Koreri.com, Sorong – Pemerintah Provinsi (Pemprov) Papua Barat Daya (PBD) menggelar Rapat Evaluasi Kelompok Kerja Percepatan Perhutanan Sosial (Pokja PPS) selama dua hari, 30–31 Maret 2026, di Vega Hotel and Convention Centre, Kota Sorong.
Kegiatan ini diikuti sekitar 90 peserta yang berasal dari berbagai unsur, mulai dari Pemerintah kabupaten/kota, organisasi perangkat daerah (OPD), mitra pembangunan, akademisi, hingga unit pelaksana teknis (UPT) terkait.
Mewakili Gubernur Papua Barat Daya, Penjabat Sekretaris Daerah Yakob Karet dalam sambutannya menegaskan bahwa perhutanan sosial bukan sekadar program kehutanan, melainkan instrumen strategis negara.
“Perhutanan sosial adalah upaya menghadirkan keadilan akses terhadap sumber daya alam, memperkuat ekonomi masyarakat adat dan lokal, sekaligus menjaga keberlanjutan hutan,” ujarnya.
Ia mengatakan , PBD memiliki kekayaan hutan yang luar biasa, namun juga dihadapkan pada kompleksitas sosial, budaya, serta tata kelola yang tidak sederhana.
Oleh karena itu, perhutanan sosial harus ditempatkan bukan hanya sebagai program administratif, tetapi sebagai agenda strategis yang berdampak langsung bagi masyarakat.
Berdasarkan data yang ada, capaian program perhutanan sosial di Papua Barat Daya dinilai masih perlu didorong lebih kuat. Hal ini tidak hanya menyangkut aspek teknis, tetapi juga komitmen, koordinasi, serta keberanian dalam pengambilan kebijakan.
Dalam forum evaluasi tersebut, terdapat empat poin penting yang menjadi perhatian bersama:
Pertama, Pokja PPS harus berperan sebagai motor penggerak, bukan sekadar forum koordinasi. Kinerja harus terukur, responsif, dan mampu menyelesaikan persoalan nyata di lapangan.

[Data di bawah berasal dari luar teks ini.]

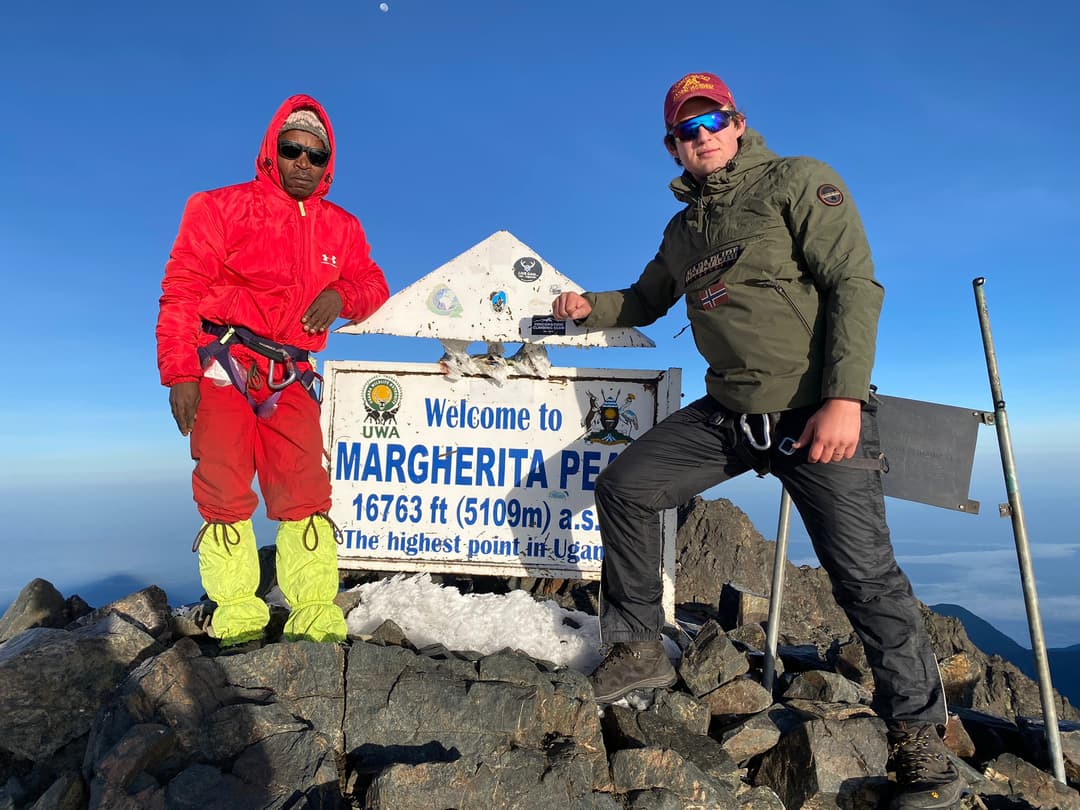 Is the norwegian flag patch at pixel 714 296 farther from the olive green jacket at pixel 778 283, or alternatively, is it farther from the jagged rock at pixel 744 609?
the jagged rock at pixel 744 609

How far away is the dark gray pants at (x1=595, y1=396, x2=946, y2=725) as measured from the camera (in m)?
3.32

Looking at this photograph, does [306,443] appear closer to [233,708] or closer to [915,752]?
[233,708]

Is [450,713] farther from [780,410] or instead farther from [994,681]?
[994,681]

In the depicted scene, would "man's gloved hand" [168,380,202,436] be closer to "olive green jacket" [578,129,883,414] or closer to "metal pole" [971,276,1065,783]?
"olive green jacket" [578,129,883,414]

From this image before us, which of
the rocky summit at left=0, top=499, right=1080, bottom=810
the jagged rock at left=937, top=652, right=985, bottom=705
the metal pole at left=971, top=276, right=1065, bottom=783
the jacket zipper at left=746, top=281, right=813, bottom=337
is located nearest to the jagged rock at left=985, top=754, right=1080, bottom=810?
the rocky summit at left=0, top=499, right=1080, bottom=810

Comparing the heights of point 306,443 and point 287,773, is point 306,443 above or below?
above

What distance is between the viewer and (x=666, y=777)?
9.81 feet

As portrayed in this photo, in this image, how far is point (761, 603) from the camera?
18.4 ft

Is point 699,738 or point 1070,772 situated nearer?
point 699,738

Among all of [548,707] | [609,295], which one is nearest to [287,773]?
[548,707]

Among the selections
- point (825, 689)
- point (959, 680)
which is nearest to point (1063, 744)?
point (959, 680)

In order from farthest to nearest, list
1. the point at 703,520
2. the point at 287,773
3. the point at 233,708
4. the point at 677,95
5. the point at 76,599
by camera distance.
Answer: the point at 703,520, the point at 76,599, the point at 677,95, the point at 233,708, the point at 287,773

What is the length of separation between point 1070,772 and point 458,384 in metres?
4.48

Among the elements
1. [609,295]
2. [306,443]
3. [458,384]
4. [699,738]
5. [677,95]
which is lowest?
[699,738] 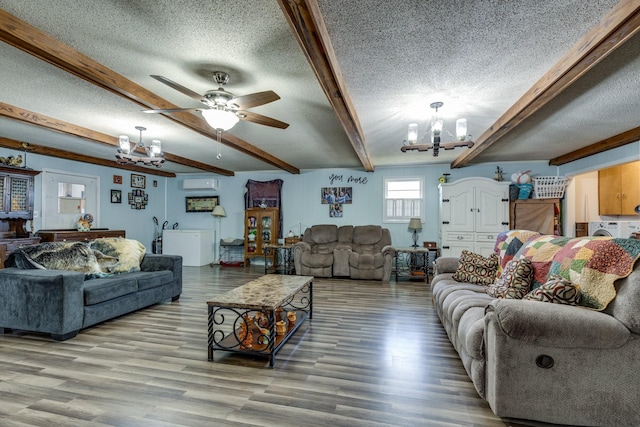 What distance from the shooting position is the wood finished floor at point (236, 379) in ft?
5.50

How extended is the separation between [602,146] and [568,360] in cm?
435

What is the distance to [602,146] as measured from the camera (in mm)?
4391

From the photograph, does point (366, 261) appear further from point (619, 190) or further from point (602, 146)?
point (619, 190)

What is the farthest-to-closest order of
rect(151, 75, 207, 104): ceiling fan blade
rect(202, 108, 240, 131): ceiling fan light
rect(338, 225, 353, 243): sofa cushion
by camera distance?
rect(338, 225, 353, 243): sofa cushion → rect(202, 108, 240, 131): ceiling fan light → rect(151, 75, 207, 104): ceiling fan blade

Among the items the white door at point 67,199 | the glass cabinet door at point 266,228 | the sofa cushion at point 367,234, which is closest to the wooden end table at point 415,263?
the sofa cushion at point 367,234

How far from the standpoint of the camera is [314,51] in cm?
184

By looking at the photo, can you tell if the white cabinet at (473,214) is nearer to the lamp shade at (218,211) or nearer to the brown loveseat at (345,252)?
the brown loveseat at (345,252)

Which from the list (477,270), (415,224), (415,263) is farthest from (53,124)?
(415,263)

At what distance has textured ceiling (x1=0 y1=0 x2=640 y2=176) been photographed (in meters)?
1.69

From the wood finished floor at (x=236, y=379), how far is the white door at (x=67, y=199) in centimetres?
355

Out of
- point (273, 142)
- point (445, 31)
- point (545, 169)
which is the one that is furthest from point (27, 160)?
point (545, 169)

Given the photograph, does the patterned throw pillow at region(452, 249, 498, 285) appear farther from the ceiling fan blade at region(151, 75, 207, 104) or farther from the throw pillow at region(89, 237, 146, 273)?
the throw pillow at region(89, 237, 146, 273)

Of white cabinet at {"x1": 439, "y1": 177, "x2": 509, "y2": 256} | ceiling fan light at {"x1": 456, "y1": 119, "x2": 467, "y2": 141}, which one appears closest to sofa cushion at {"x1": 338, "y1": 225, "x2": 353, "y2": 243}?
white cabinet at {"x1": 439, "y1": 177, "x2": 509, "y2": 256}

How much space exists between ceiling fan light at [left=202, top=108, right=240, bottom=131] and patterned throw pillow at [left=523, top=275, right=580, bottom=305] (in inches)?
102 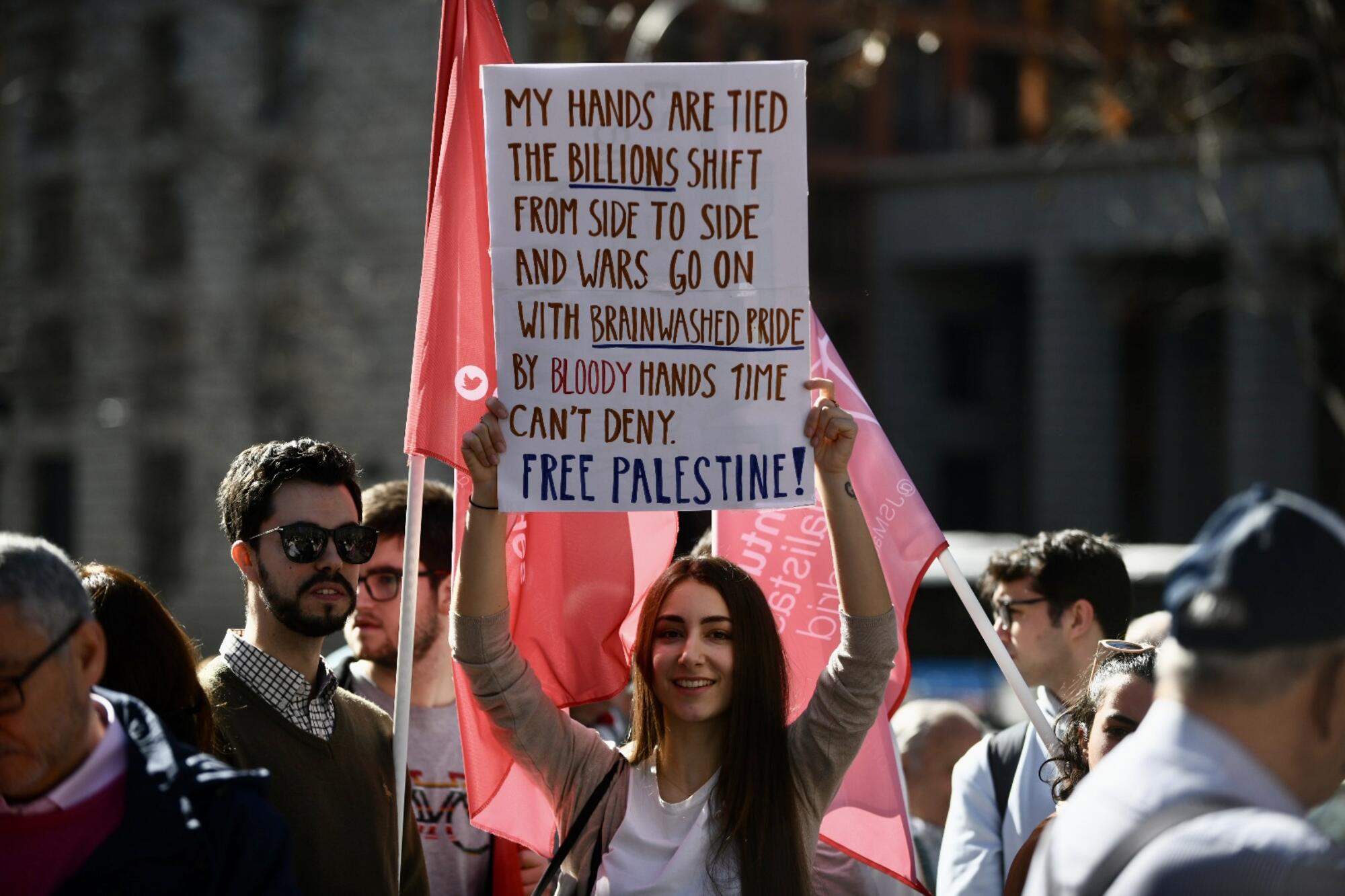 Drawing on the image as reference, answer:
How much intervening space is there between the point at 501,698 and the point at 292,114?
103 ft

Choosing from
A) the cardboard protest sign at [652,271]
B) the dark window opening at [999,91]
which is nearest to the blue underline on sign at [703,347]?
the cardboard protest sign at [652,271]

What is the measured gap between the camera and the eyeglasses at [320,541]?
3729 mm

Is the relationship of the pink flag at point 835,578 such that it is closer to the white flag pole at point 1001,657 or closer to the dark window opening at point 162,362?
the white flag pole at point 1001,657

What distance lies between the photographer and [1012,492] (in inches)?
1757

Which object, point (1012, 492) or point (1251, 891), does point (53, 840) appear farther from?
point (1012, 492)

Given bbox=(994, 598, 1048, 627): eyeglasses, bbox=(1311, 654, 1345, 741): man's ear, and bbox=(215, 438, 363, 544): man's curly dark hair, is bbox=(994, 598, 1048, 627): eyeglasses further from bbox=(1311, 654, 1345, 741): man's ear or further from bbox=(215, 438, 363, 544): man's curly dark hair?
bbox=(1311, 654, 1345, 741): man's ear

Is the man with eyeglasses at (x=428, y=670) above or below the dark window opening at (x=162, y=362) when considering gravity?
below

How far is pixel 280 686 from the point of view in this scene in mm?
3656

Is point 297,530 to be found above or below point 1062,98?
below

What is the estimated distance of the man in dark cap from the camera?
215 centimetres

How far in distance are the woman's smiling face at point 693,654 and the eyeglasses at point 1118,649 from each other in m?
0.82

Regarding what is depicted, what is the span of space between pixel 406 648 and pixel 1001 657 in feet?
4.51

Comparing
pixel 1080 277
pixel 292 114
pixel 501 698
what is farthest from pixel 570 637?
pixel 1080 277

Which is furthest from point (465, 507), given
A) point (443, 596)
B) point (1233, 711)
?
point (1233, 711) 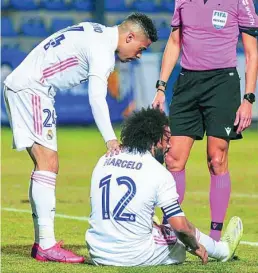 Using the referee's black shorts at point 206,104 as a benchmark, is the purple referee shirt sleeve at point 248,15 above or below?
above

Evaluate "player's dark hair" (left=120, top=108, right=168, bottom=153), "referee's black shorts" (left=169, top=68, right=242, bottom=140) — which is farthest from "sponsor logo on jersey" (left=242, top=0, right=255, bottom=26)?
"player's dark hair" (left=120, top=108, right=168, bottom=153)

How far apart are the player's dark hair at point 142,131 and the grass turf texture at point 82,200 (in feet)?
2.94

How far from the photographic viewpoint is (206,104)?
9398 millimetres

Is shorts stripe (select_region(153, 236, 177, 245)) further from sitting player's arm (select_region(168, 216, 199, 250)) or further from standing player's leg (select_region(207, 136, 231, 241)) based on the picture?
standing player's leg (select_region(207, 136, 231, 241))

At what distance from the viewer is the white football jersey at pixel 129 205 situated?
788 centimetres

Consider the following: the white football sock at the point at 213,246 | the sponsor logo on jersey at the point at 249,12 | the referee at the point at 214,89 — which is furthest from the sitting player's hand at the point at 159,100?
the white football sock at the point at 213,246

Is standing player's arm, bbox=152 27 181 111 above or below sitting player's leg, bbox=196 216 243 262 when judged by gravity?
above

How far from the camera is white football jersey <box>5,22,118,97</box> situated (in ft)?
27.9

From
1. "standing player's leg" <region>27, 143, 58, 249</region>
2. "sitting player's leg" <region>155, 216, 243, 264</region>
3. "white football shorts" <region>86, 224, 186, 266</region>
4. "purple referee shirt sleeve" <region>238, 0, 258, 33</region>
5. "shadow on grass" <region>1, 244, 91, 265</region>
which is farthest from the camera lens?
"purple referee shirt sleeve" <region>238, 0, 258, 33</region>

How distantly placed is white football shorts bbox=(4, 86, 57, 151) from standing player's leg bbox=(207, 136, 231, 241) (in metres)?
1.43

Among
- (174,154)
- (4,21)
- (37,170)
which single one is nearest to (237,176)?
(174,154)

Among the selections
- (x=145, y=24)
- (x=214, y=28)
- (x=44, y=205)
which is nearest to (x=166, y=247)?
(x=44, y=205)

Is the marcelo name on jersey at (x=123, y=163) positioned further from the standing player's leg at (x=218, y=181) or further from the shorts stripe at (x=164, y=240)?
the standing player's leg at (x=218, y=181)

Ketiga, perhutanan sosial harus diintegrasikan dengan penguatan ekonomi masyarakat. Tidak cukup hanya memberikan akses legal, tetapi juga harus diikuti dengan penciptaan nilai tambah, akses pasar, serta dukungan pembiayaan.
Keempat, keberpihakan kepada masyarakat adat dan kelompok rentan, termasuk perempuan, harus menjadi bagian utama dalam upaya mewujudkan keadilan pembangunan.
Yakob menegaskan, forum evaluasi ini bukan sekadar kegiatan seremonial, melainkan momentum untuk merumuskan arah kebijakan ke depan.
“Evaluasi harus dilakukan secara jujur, terbuka, dan berani mengakui kekurangan, agar langkah ke depan menjadi lebih kuat,” tegasnya.
Ia juga berharap dari forum ini akan terbentuk Pokja PPS periode 2026–2027 yang lebih solid, adaptif, dan mampu bekerja lintas sektor secara efektif.
Menutup sambutannya, ia mengajak seluruh pihak menjadikan kegiatan ini sebagai titik balik dalam percepatan perhutanan sosial di Provinsi Papua Barat Daya.